Toronto police approve a $30M budget hike to hire more officers
Published Thursday, January 24, 2019 9:56AM EST Last Updated Thursday, January 24, 2019 6:00PM EST
Toronto Police Chief Mark Saunders speaks to the media at a year-end news conference in Toronto on Thursday, December 27, 2018. THE CANADIAN PRESS/Christopher Katsarov
The Toronto Police Service will receive an increase to its $1 billion budget for the first time in three years, due in part to a need to hire additional officers.
The TPS was granted its request of $1.026 billion to fund its operations in 2019, which represents an increase of $30.3 million or three per cent from last year, after the Toronto Police Services Board voted on Thursday.
The police force says that the additional funding will help it hire 300 new uniformed officers, 122 special constables and 186 part-time retirees.
“In essence we are looking at approximately 450 human resources that are directly tied to (relieving) the frontline pressures," Toronto police Chief Mark Saunders told reporters after the meeting.
According to the report that went before the board today, the part-time officers will be used to handle non-emergency calls for service and to take reports over the phone and online, thus freeing frontline officers up to focus on “higher priority and emergency situations.”
With the new special constables and retirees, Saunders said frontline officers will have more time to deal with serious calls.
“Our frontline men and women who are highly trained, with their guns and with their sticks, with understanding of law will have more time and opportunity to do those priority one, two and three calls where they are the experts.”
The special constables will also be used to relieve pressure on frontline officers, according to the report.
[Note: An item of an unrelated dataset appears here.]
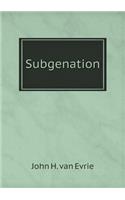 Subgenation: (English)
Some of the tasks that that they will perform include basic report taking, assisting with crime scene security, canvassing for witnesses and evidence collection and processing, among other things.
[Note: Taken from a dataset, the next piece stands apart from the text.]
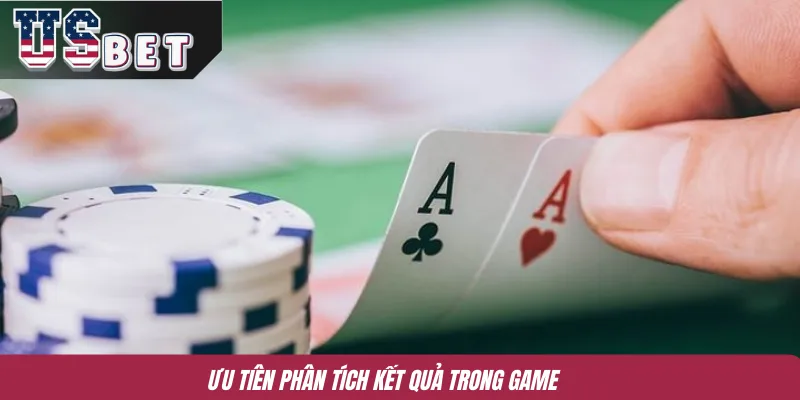 Ưu tiên phân tích kết quả trong game 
The planned hirings come in the wake of sustained criticism from the Toronto Police Association over an officer shortage that resulted from a hiring freeze which was in effect in 2016 and for most of 2017.
In the report, Saunders says that the hiring freeze and an increase in retirements have resulted in a nine per cent reduction in uniformed officers since 2015.
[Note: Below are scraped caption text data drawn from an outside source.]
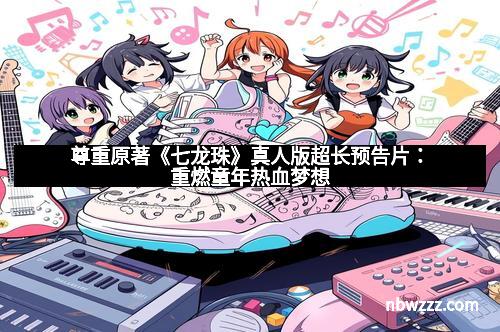 尊重原著《七龙珠》真人版超长预告片：重燃童年热血梦想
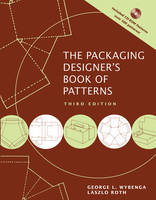 The Packaging Designer's Book of Patterns - George L. Wybenga, Laszlo Roth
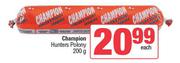 Champion Hunters Polony-200g Each
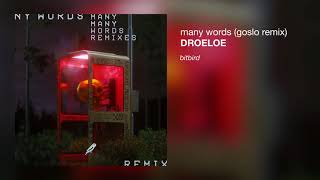 DROELOE - Many Words (GOSLO Remix)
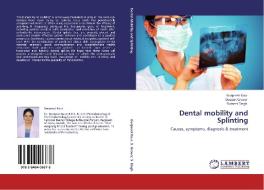 Dental mobility and Splinting di Gurpreet Kaur, Deepak Grover, Sumeet Singh edito da LAP Lambert Academic Publishing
He said that the staffing crunch has resulted in significant overtime costs, which are not sustainable.
In 2018, the Toronto Police Service doled out an additional $22 million more than forecast in premium pay and in 2019 it is expecting to incur $52.4 million in premium pay costs, which would be an increase of 19.4 per cent compared to last year.
"There’s no doubt that the frontline men and women have seen higher pressures,” Saunders said of the past year.
“As the number of deployed officers decreases, the service has to heavily rely on premium pay to help ensure public safety is not compromised. This overreliance on premium pay is not sustainable as it leads to employee fatigue and burn out,” Saunders writes in the report. “Efforts are therefore being made to fill critical vacancies and transition to a new service delivery model to meet frontline demands as well as civilian support requirements.”
Number of officers down by more than 800 since 2010
There was an average of 5,615 frontline officers in 2010 and by 2018 that number had declined to 4,797, a difference of 818 cops.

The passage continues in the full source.